Stress adaptation entails perturbations in transcriptional and post-transcriptional mechanisms of regulation of gene expression, but how these programs are coordinated remains largely unknown. To address this, we systematically interrogated the effects of hypoxia on transcriptomes, epigenomes and translatomes of T47D breast cancer cells and H9 human embryonic stem cells. This revealed that hypoxia-induced alterations in H3K4me3 exert unexpectedly minimal effects on transcript abundances. Instead, they were associated with pervasive changes in the transcription start site (TSS) selection, subsequent 5’UTR remodeling, and reshaping of translational landscapes. Importantly, this epigenetically-driven reprograming of translation is distinct from HIF1-dependent transcriptional mechanisms or integrated stress response- or mTOR-guided translational reprogramming.
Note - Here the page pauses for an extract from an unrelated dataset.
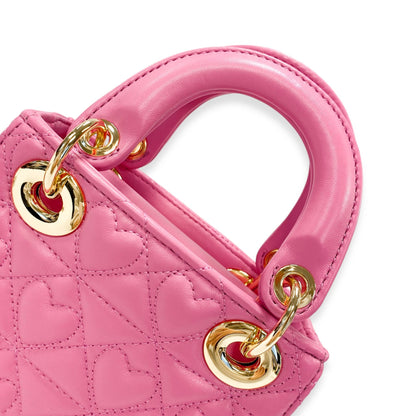 Pink Heart-Quilted Handbag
Indeed, comparable effects on TSS selection and 5'UTR remodeling were observed when H3K4me3 was pharmacologically stimulated in the absence of induction of HIF, ISR or modulation of mTOR signaling. These results demonstrate a previously unappreciated physiologically relevant mechanism of translational regulation driven by epigenetic reprograming of the 5’UTRome which is orchestrated with other hypoxia-triggered adaptive mechanisms. Three or four replicates of polysome profiling were performed on hypoxia and normoxia-treated H9 and T47D cells, respectively. Hypoxia treatments were 0.5% oxygen for 24 (H9 cells) or 48 hours (T47D cells). Total cytosolic RNA, and polysome-associated mRNA (mRNA associated with > 3 ribosomes) were isolated and quantified using RNA sequencing.